_EXTRACTED INFORMATION_
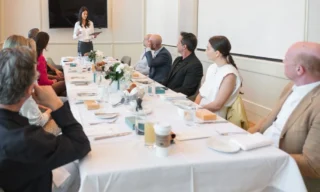 Business Trip by Day, Rooftop Dinner by Night: The Spray Tan Prep for Professionals Traveling to Major Events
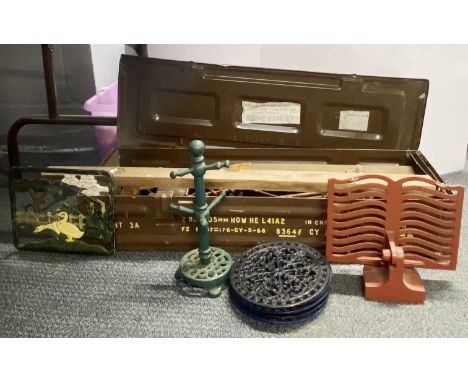 A military metal ammunition box with tool contents and various metal items.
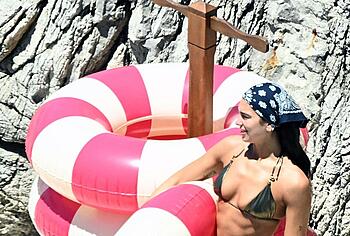 Dua Lipa sexy bikini on a beach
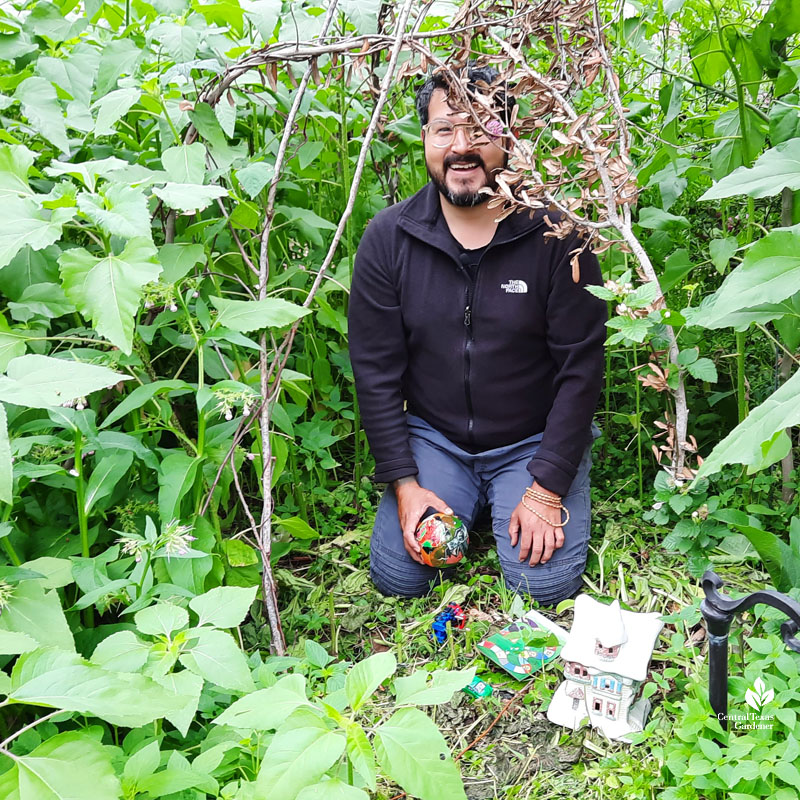 smiling man in woven tree and plant limb "tent" 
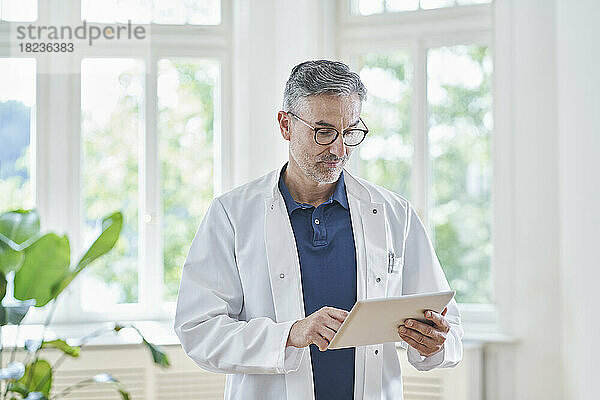 Reifer Arzt nutzt Tablet-PC in der Arztpraxis
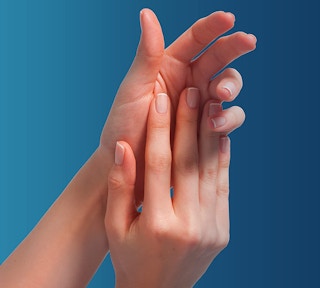 Hands in front of a blue screen.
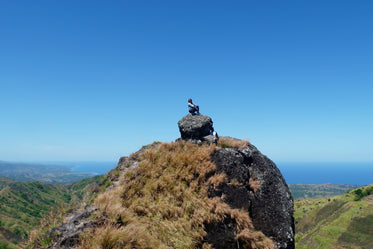 hiker rests on rock above landscape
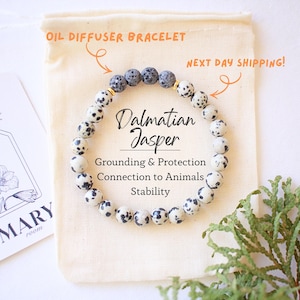 May include: Dalmatian Jasper oil diffuser bracelet. The bracelet features round, speckled beads in white and black, with a few gray beads. The text on the image says "Grounding & Protection, Connection to Animals, Stability."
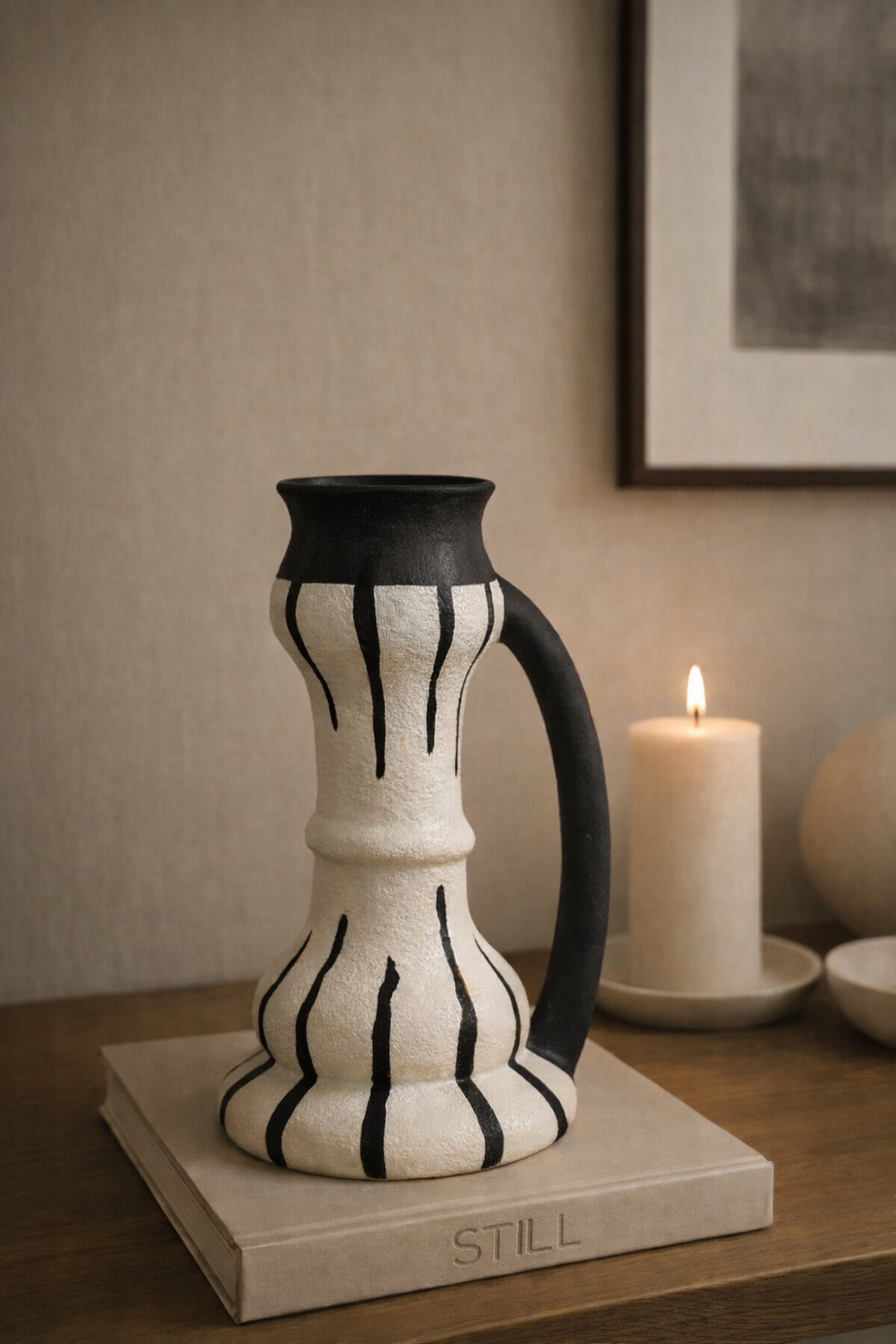 Ceramic pitcher with black and white design on a wooden surface, candle in the background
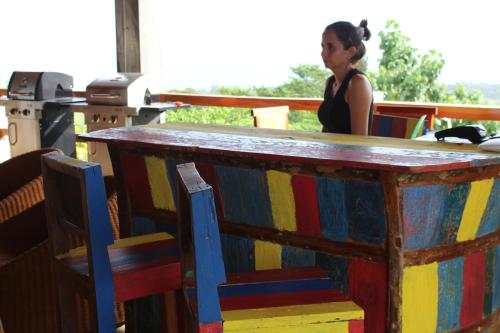 Los DuarteHotel El Sol Morrillo的坐在酒吧里,有一张五彩缤纷的桌子的女人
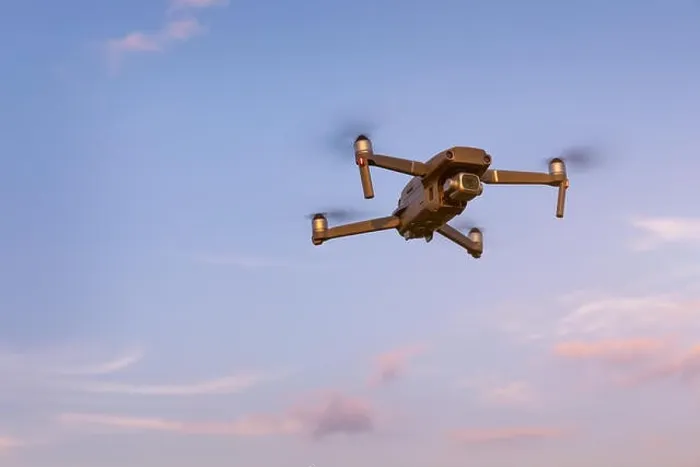 Framed Print : Drone flying over landscape. UAV drone copter flying with digital camera Framed Print : Drone flying over landscape. UAV drone copter flying with digital camera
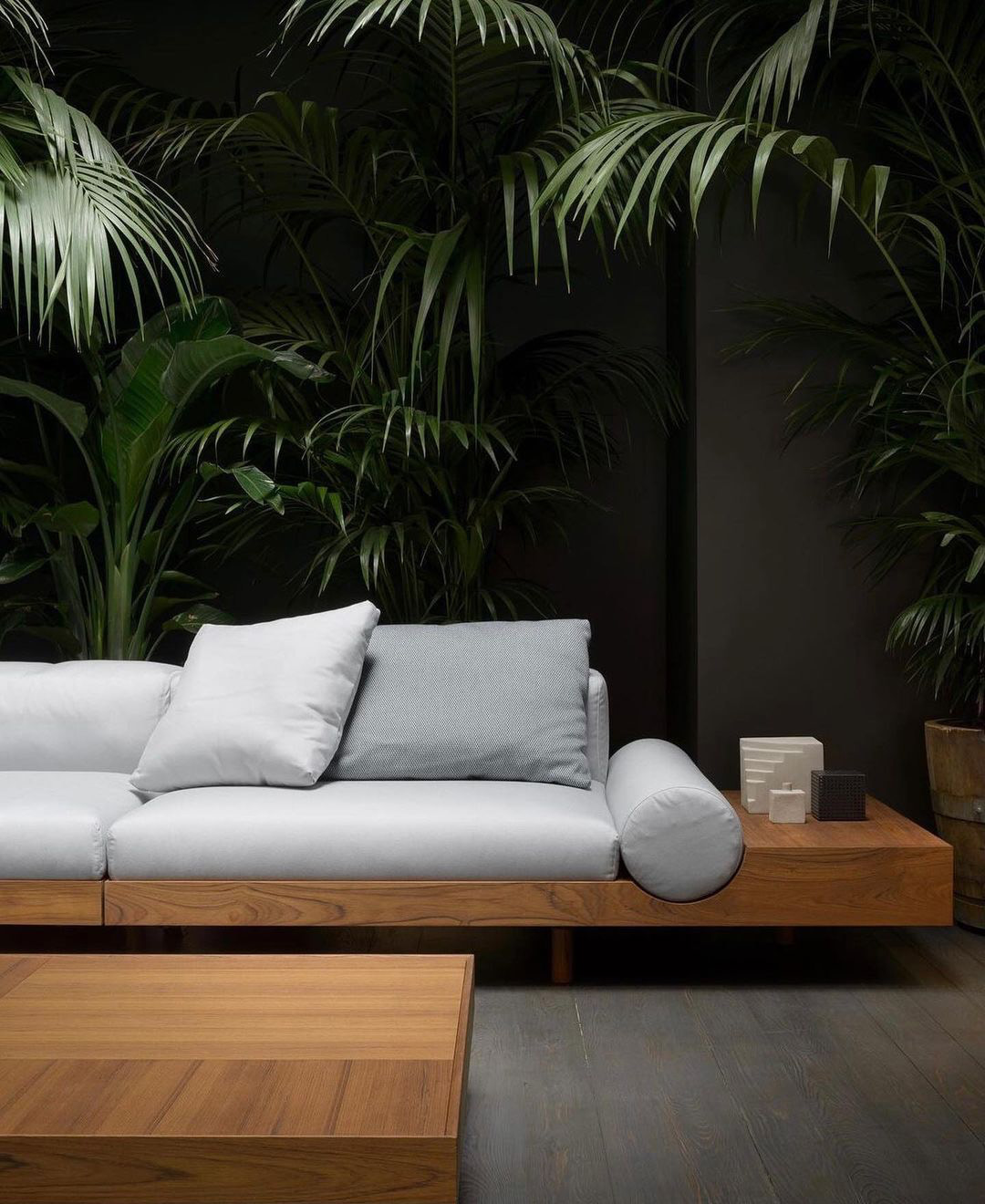 Low timber platform sofa against dark foliage and charcoal plaster wall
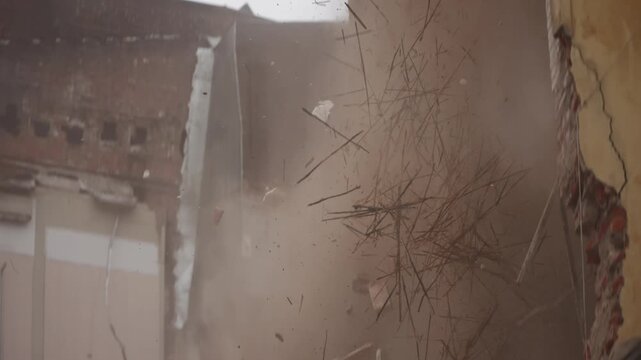 Excavator demolition of an old brick wall, hydraulic claw ripping through masonry and concrete, releasing thick dust clouds and debris as interior fragments and splinters scatter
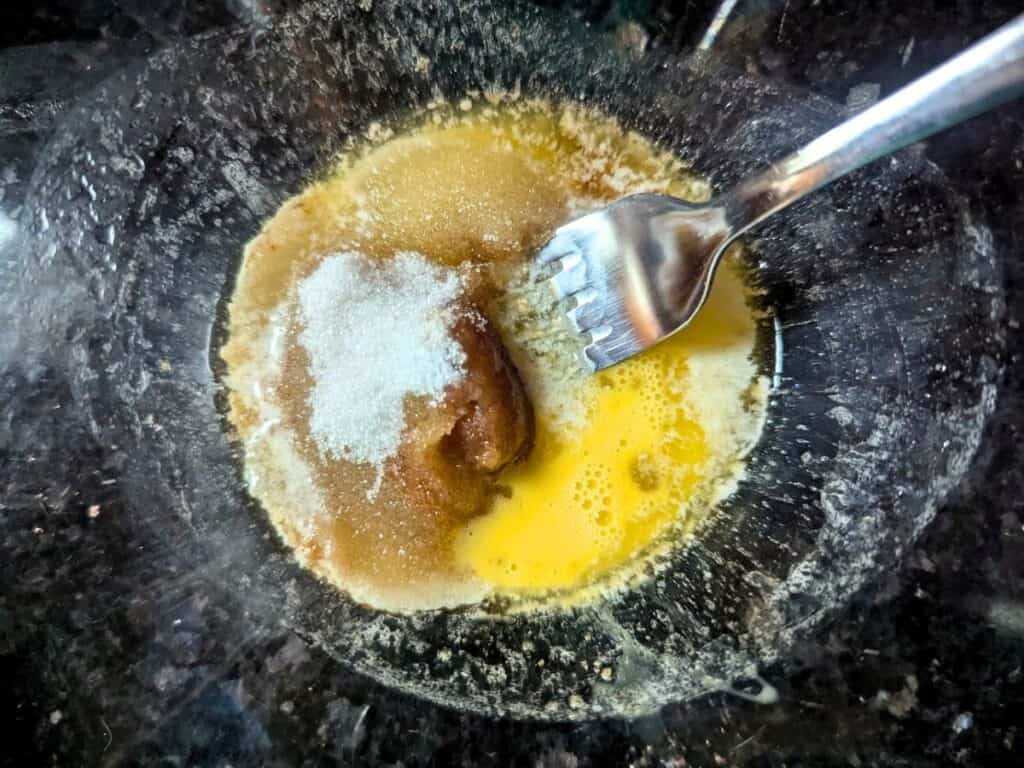 Image shows sugars, vanilla, brewed coffee, and egg added to melted butter in a mixing bowl.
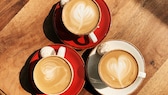 tassen kaffee herz: Drei Tassen Kaffee auf einem Holztisch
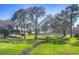 Expansive backyard featuring lush green grass and mature trees, creating a serene and inviting outdoor space at 3292 Covered Bridge E Dr, Dunedin, FL 34698
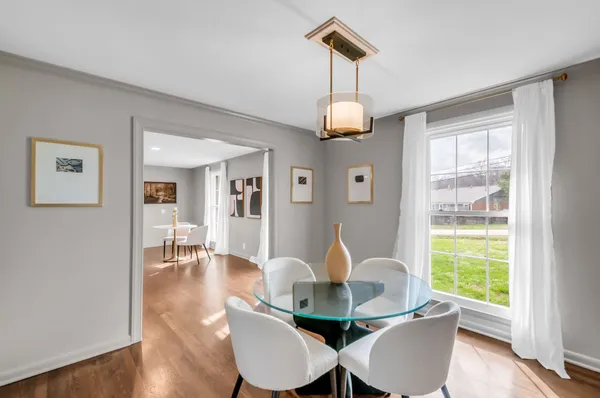 a view of a dining room with furniture wooden floor and chandelier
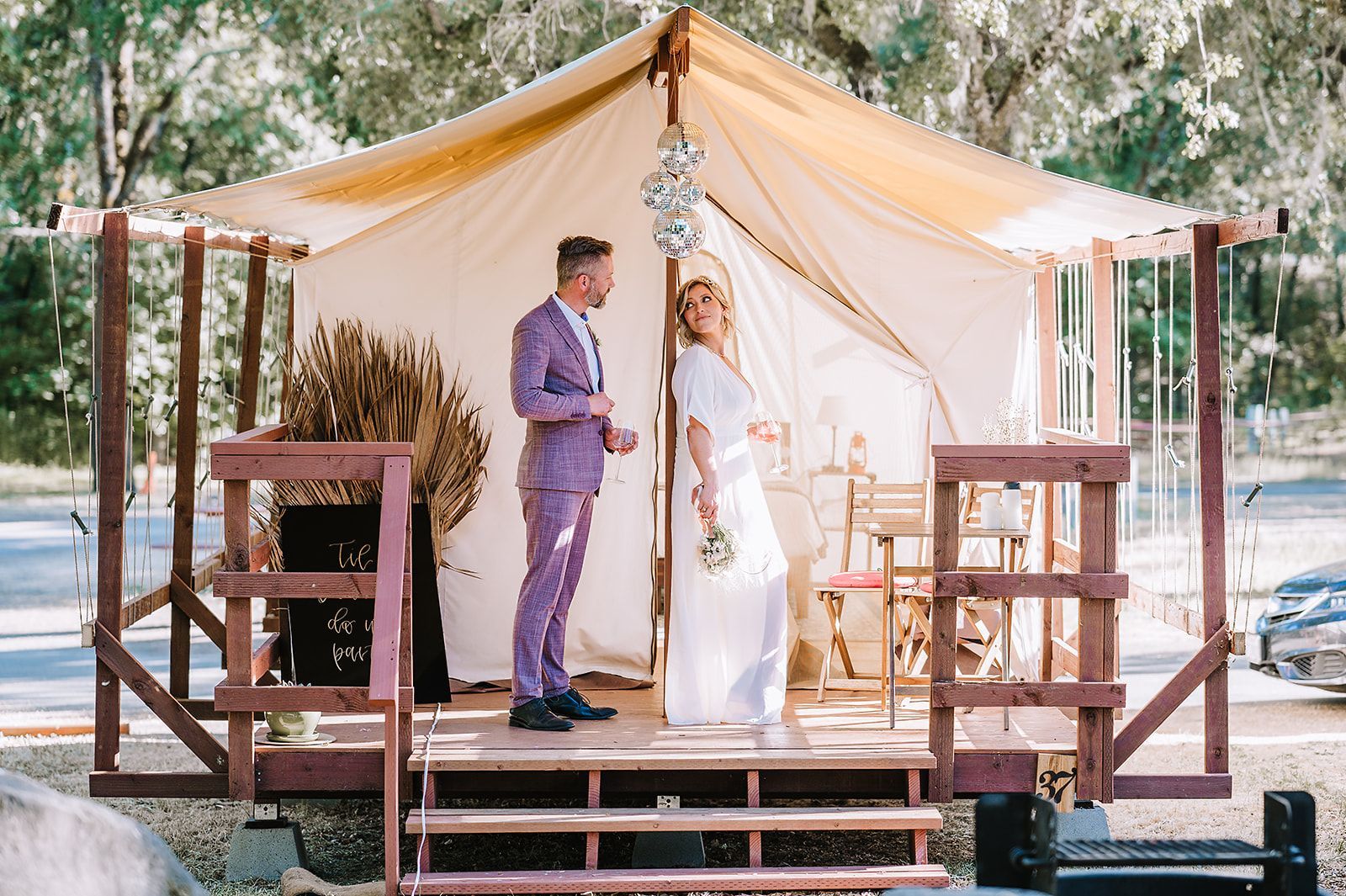Man and women dressed in wedding attire standing in on the deck in front of a glamping tent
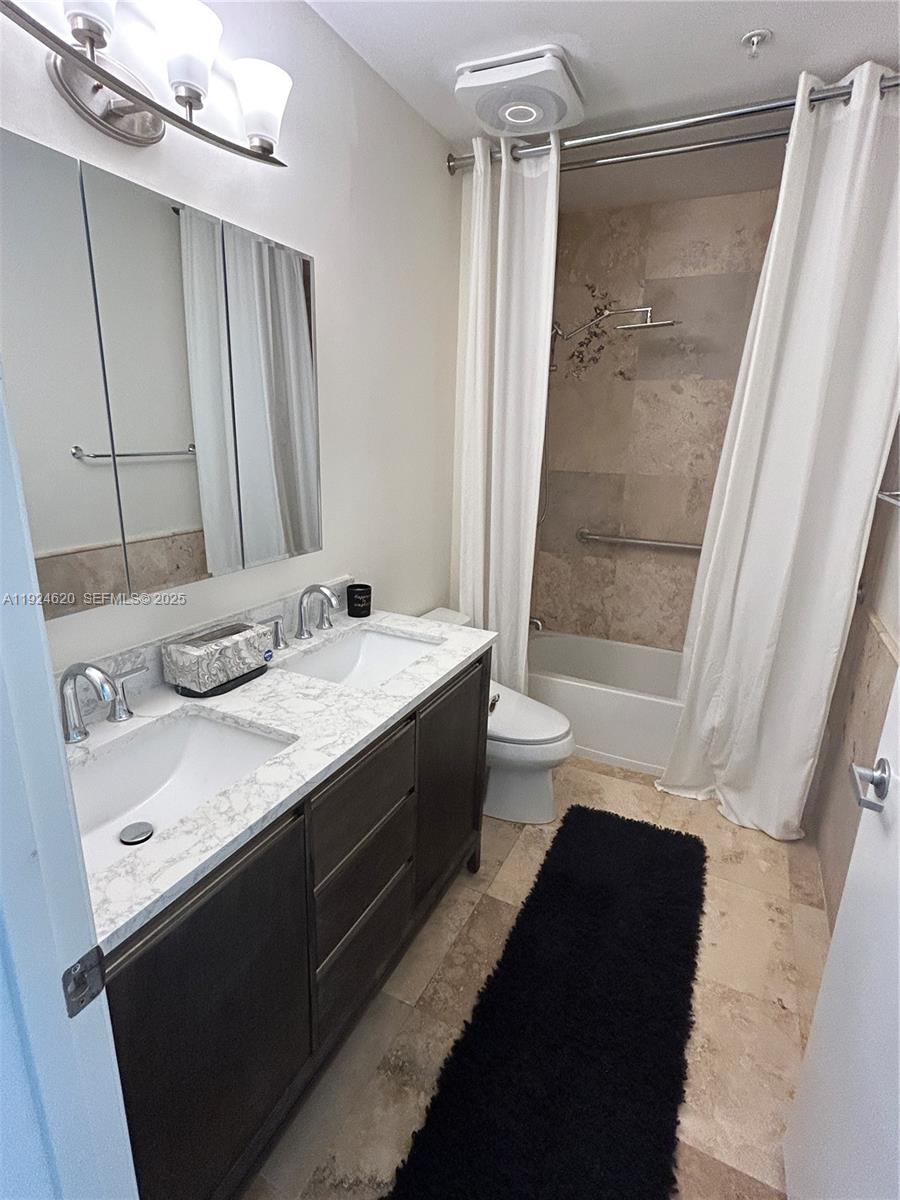 9055 Southwest 73rd Court, Unit 809 Miami, FL 33156 - Photo 31 of 47 a bathroom with a double vanity sink and a mirror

_PROBLEM TO SOLVE_
Give back exactly the lines from the line with "digital camera Framed" through the end of the records, both included; keep all pictures out.

_SOLVED EXERCISE_
 Framed Print : Drone flying over landscape. UAV drone copter flying with digital camera Framed Print : Drone flying over landscape. UAV drone copter flying with digital camera
 Low timber platform sofa against dark foliage and charcoal plaster wall
 Excavator demolition of an old brick wall, hydraulic claw ripping through masonry and concrete, releasing thick dust clouds and debris as interior fragments and splinters scatter
 Image shows sugars, vanilla, brewed coffee, and egg added to melted butter in a mixing bowl.
 tassen kaffee herz: Drei Tassen Kaffee auf einem Holztisch
 Expansive backyard featuring lush green grass and mature trees, creating a serene and inviting outdoor space at 3292 Covered Bridge E Dr, Dunedin, FL 34698
 a view of a dining room with furniture wooden floor and chandelier
Man and women dressed in wedding attire standing in on the deck in front of a glamping tent
 9055 Southwest 73rd Court, Unit 809 Miami, FL 33156 - Photo 31 of 47 a bathroom with a double vanity sink and a mirror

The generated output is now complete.